__EXERCISE DIRECTIONS__
Make an exact copy of all the entries, but do not reproduce the pictures.

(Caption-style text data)
----------

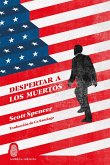 Despertar a los muertos (eBook, ePUB) Despertar a los muertos (eBook, ePUB)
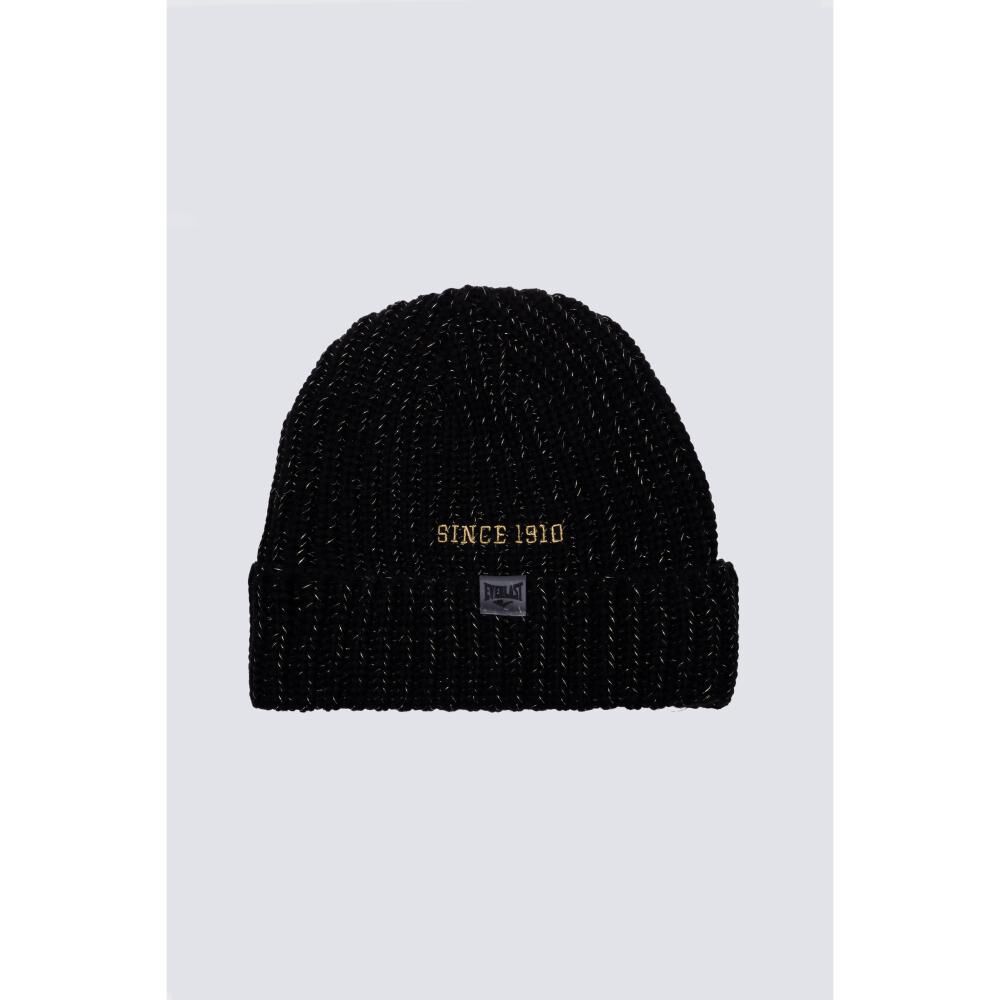 Gorro Everlast Sparkling image number 1.0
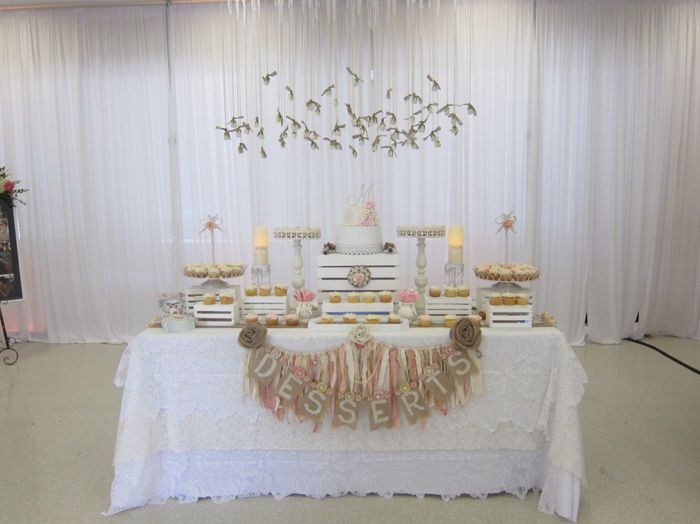 Newland Barn, Huntington Beach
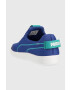 Puma sneakers pentru copii - Pled.ro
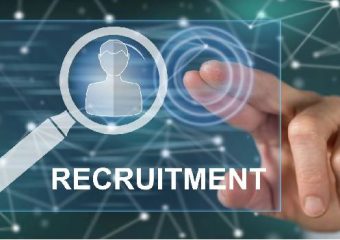 Why Companies Hire Finance Recruiters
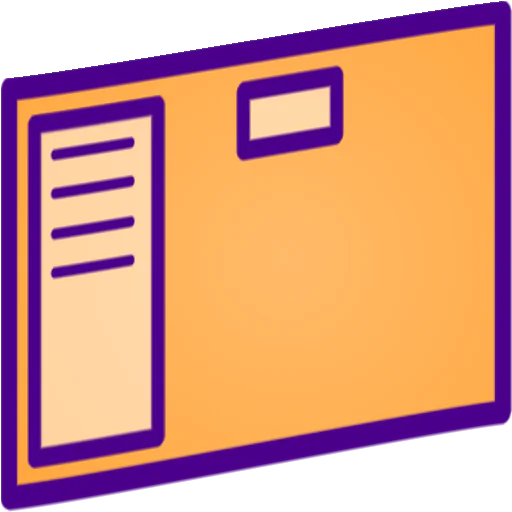 GameBar Overlay: альтернатива Microsoft Game Bar для Linux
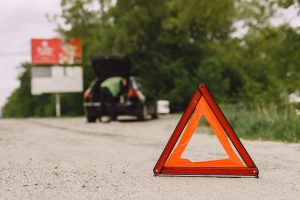 Οδική Βοήθεια: Πώς Λειτουργεί και Τι Καλύπτει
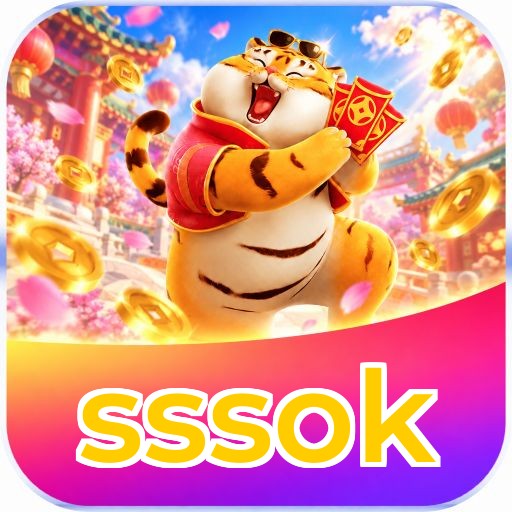 sssok Licença Curaçao Gaming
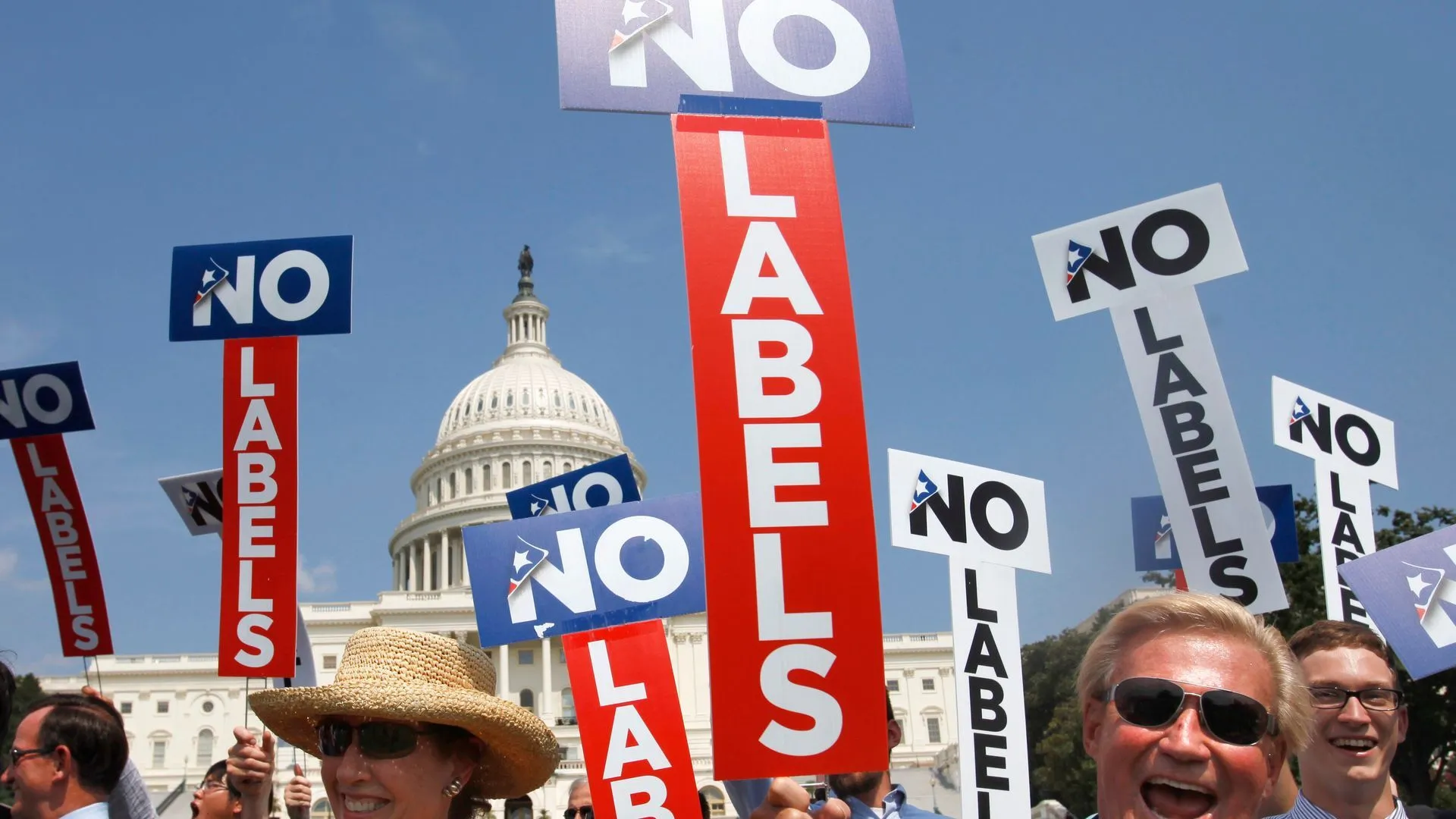 Featured image for "Third Party Sparks Democratic Concerns with 15,000 Registered Voters in Arizona"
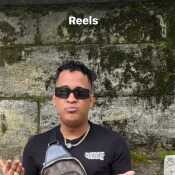 Brayan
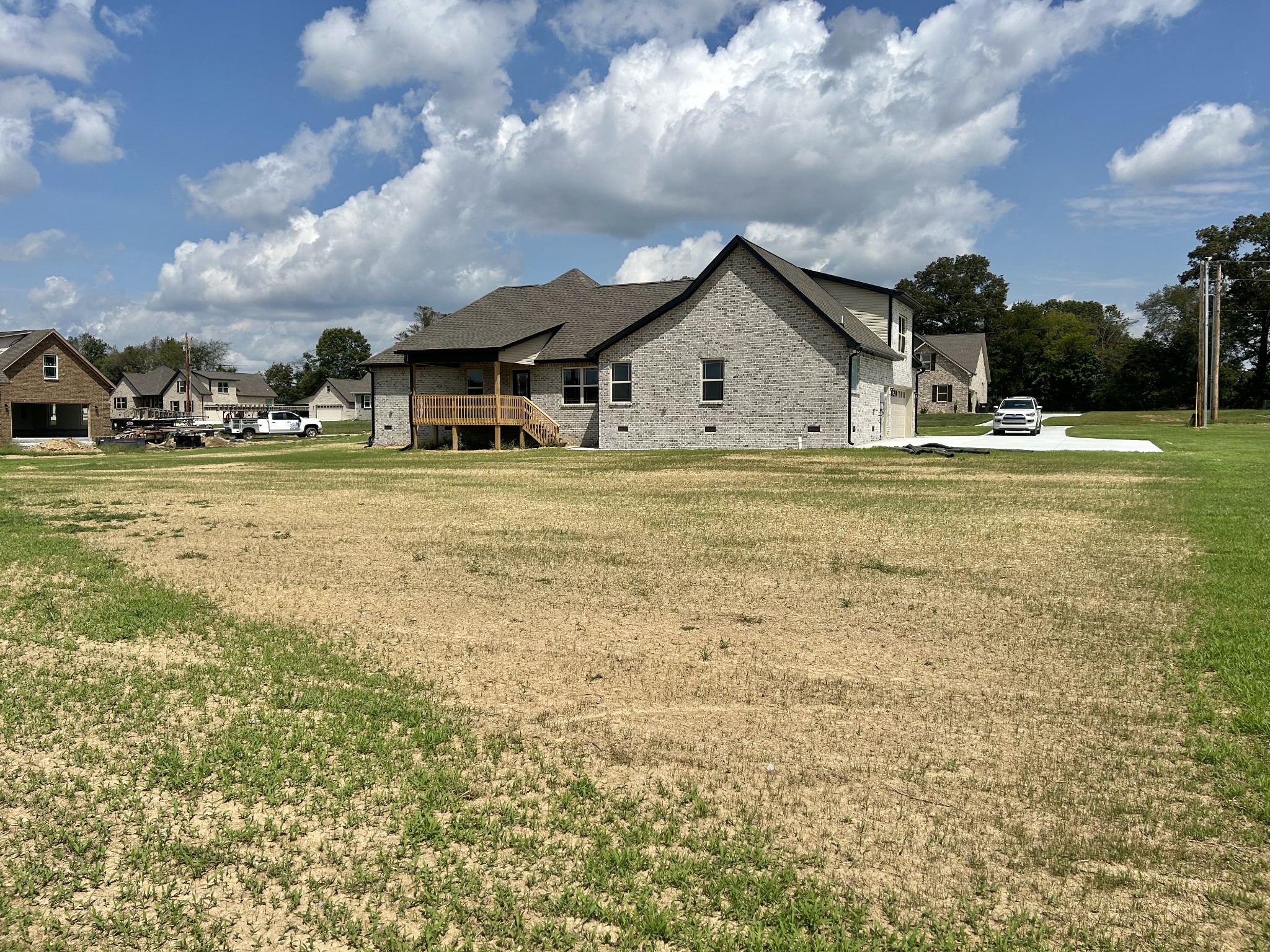 255 Randall Ln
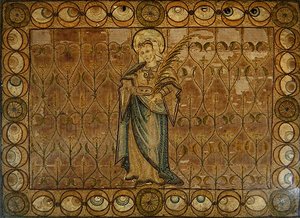Santa Lucia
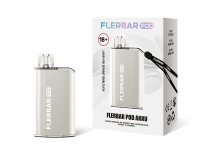 Flerbar Basisgerät Grey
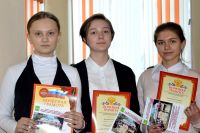 8.02.18_obrazovatelnaya_konferentciya_2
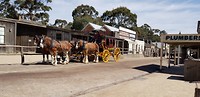 IMG-20181019-WA0018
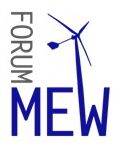 Forum MEW - rejestracja do 8 marca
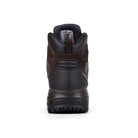 109989-19-orford-05-Orford-Men's Winter Boots-Riverland-Yellow Shoes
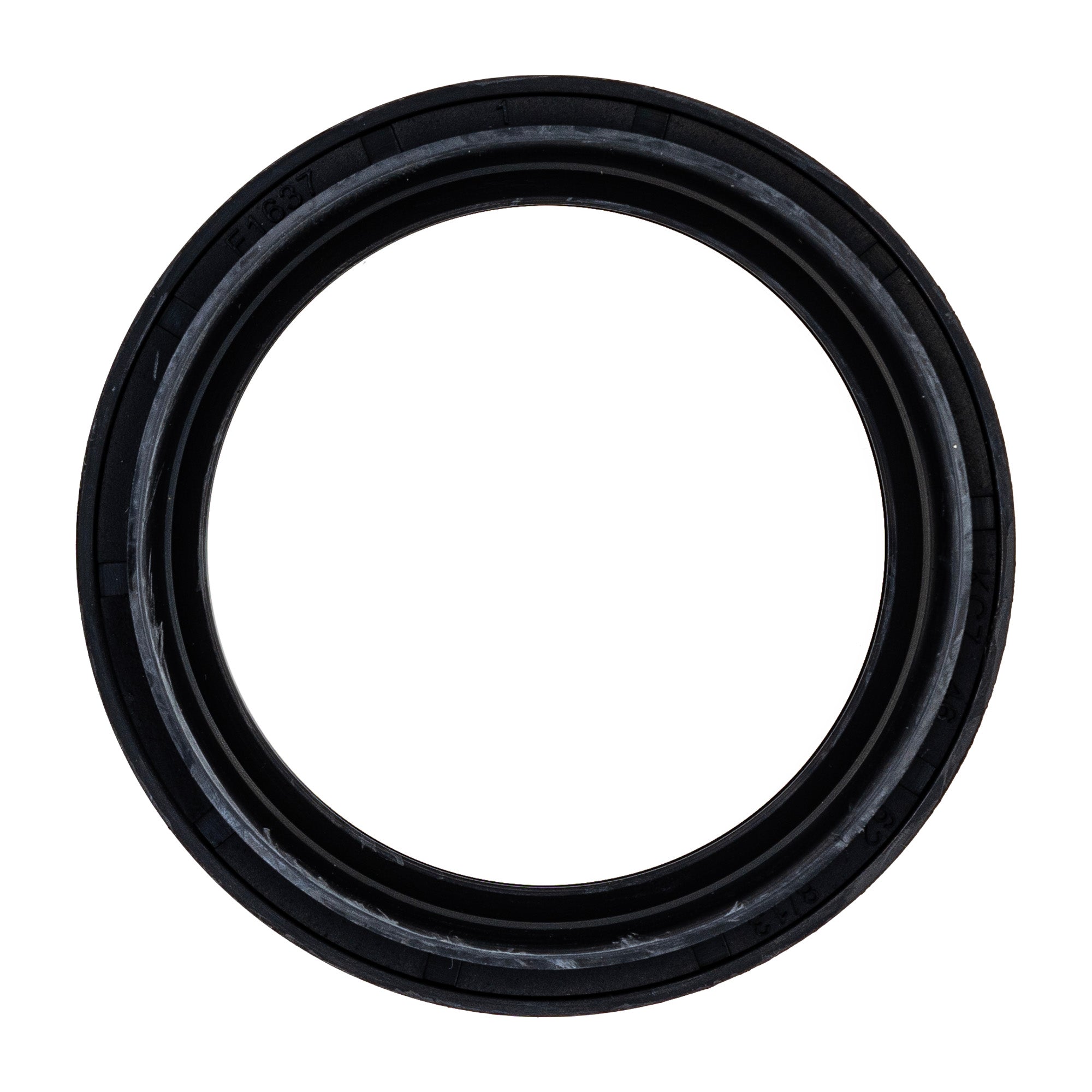 Oil Seal TCY 46x62x8/13mm for Ball Bearing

----------

__SOLUTION TO THIS TASK__
 Despertar a los muertos (eBook, ePUB) Despertar a los muertos (eBook, ePUB)
 Gorro Everlast Sparkling image number 1.0
 Newland Barn, Huntington Beach
 Puma sneakers pentru copii - Pled.ro
 Why Companies Hire Finance Recruiters
 GameBar Overlay: альтернатива Microsoft Game Bar для Linux
 Οδική Βοήθεια: Πώς Λειτουργεί και Τι Καλύπτει
 sssok Licença Curaçao Gaming
 Featured image for "Third Party Sparks Democratic Concerns with 15,000 Registered Voters in Arizona"
 Brayan
 255 Randall Ln
Santa Lucia
 Flerbar Basisgerät Grey
 8.02.18_obrazovatelnaya_konferentciya_2
 IMG-20181019-WA0018
 Forum MEW - rejestracja do 8 marca
 109989-19-orford-05-Orford-Men's Winter Boots-Riverland-Yellow Shoes
 Oil Seal TCY 46x62x8/13mm for Ball Bearing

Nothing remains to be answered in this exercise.